### Source data
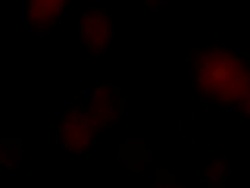 NTSC: Out of Focus Stock Footage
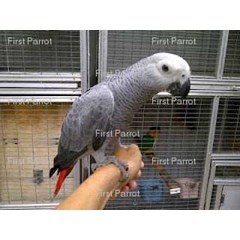 burung african grey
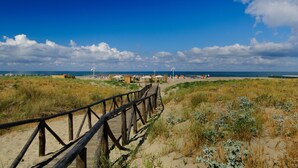 Une promenade en bois qui mène à une plage bordée de dunes, sous un ciel bleu et dégagé.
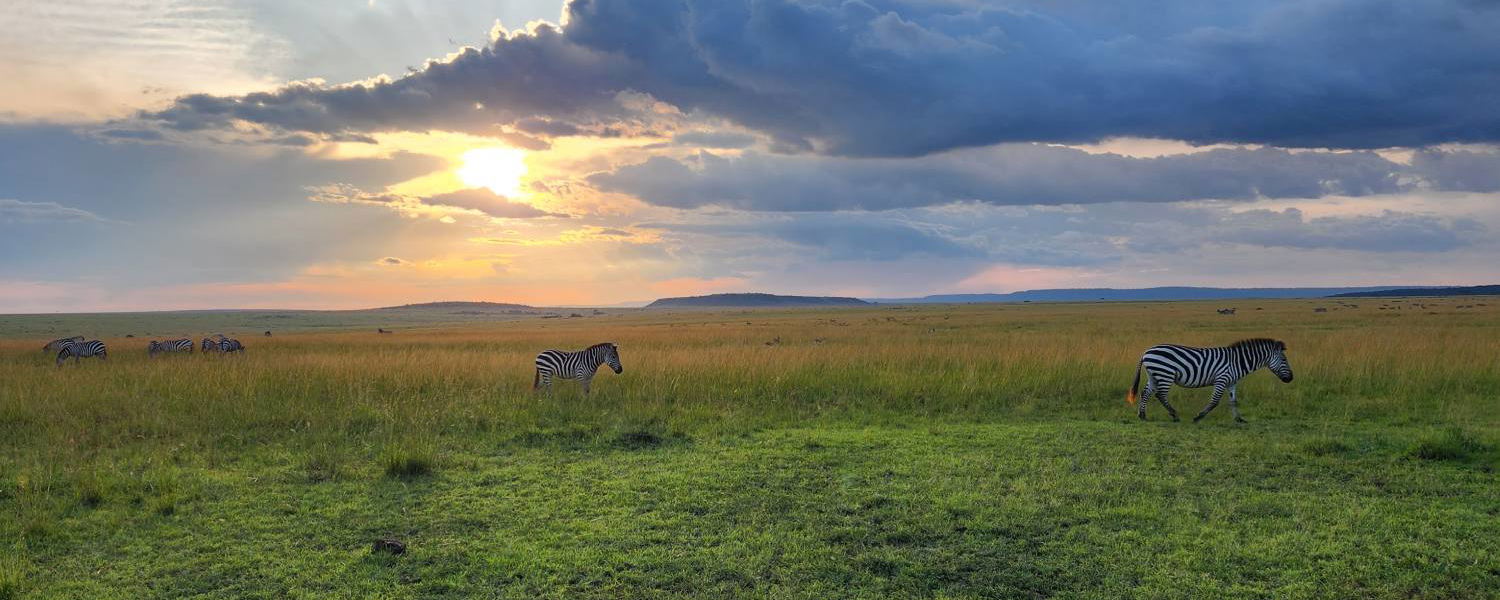 Zebra in the Masai Mara.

### Exercise requirements
All of the data should come back exactly as written, but without pictures.

### Result
 NTSC: Out of Focus Stock Footage
 burung african grey
 Une promenade en bois qui mène à une plage bordée de dunes, sous un ciel bleu et dégagé.
 Zebra in the Masai Mara.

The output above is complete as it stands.